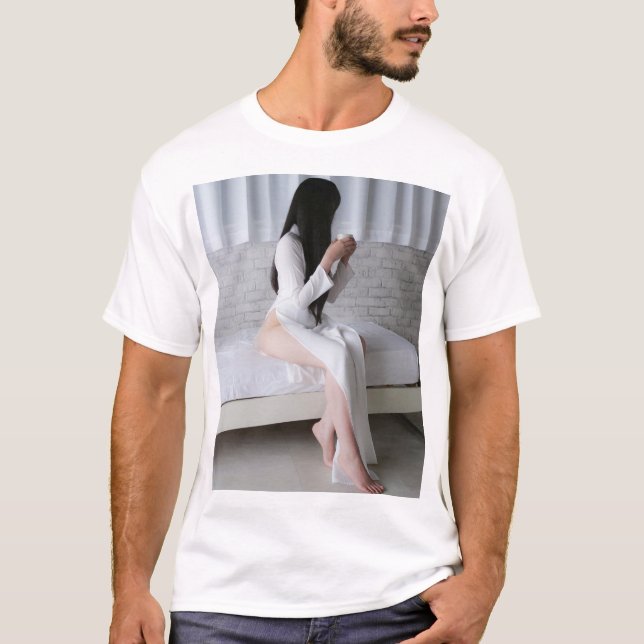 CAMISETA アオザイを着た黒髪の女性がお茶を飲む (Frente)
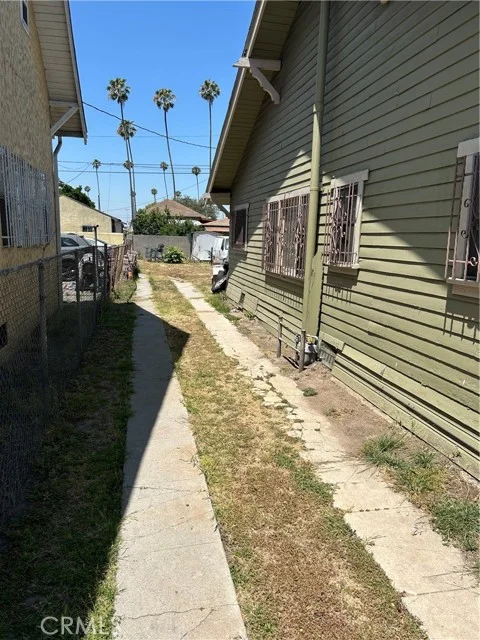 5859 S figueroa photo 2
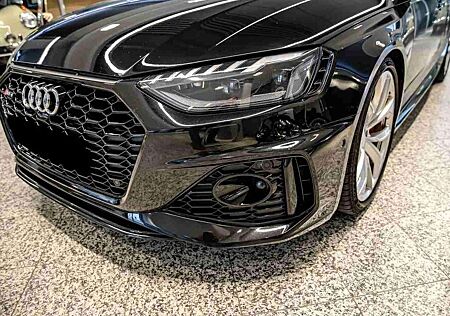 Audi RS4 Avant quattro tiptronic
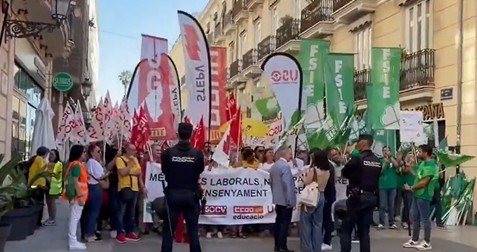 La enseñanza concertada exige el fin de la "discriminación" laboral ante les Corts en su tercera jornada de huelga 1 La enseñanza concertada exige el fin de la "discriminación" laboral ante les Corts en su tercera jornada de huelga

——————

=== PROBLEM ===
The task calls for repeating each line above exactly while excluding the pictures.

=== ANSWER FOR THIS EXERCISE ===
 CAMISETA アオザイを着た黒髪の女性がお茶を飲む (Frente)
 5859 S figueroa photo 2
 Audi RS4 Avant quattro tiptronic
 La enseñanza concertada exige el fin de la "discriminación" laboral ante les Corts en su tercera jornada de huelga 1 La enseñanza concertada exige el fin de la "discriminación" laboral ante les Corts en su tercera jornada de huelga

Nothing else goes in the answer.